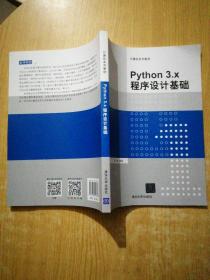 Python3.x程序设计基础/计算机系列教材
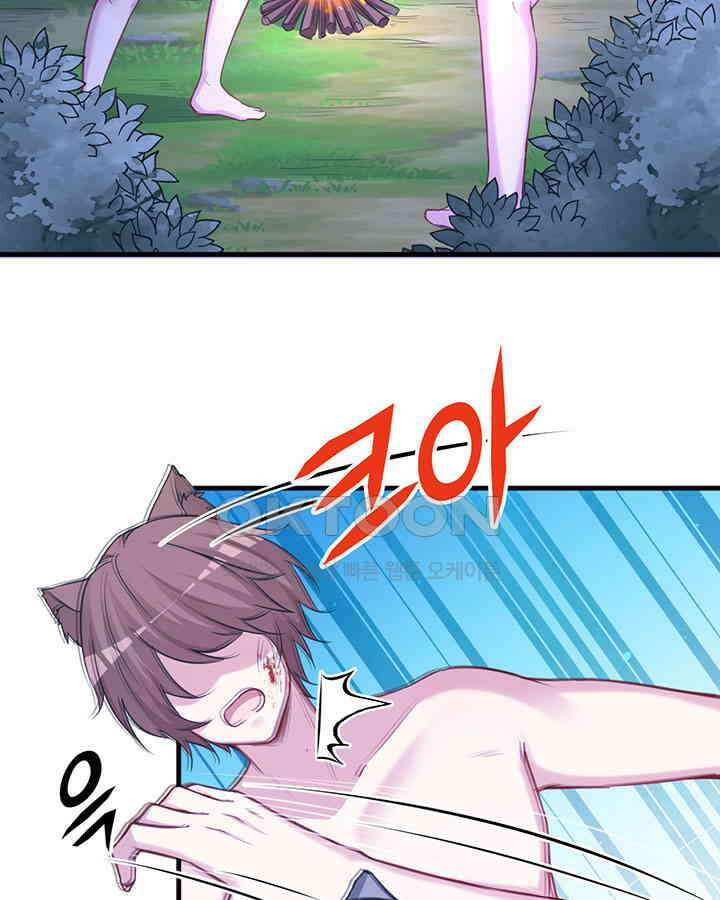 나만 보면 살랑살랑 237화 6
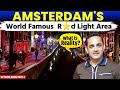 Reality Of Amsterdam S Red Light District L Think Before You Visit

Exercise aim: The entire listing above is to be copied exactly, with all pictures omitted.

Exercise solution:
 Python3.x程序设计基础/计算机系列教材
 나만 보면 살랑살랑 237화 6
 Reality Of Amsterdam S Red Light District L Think Before You Visit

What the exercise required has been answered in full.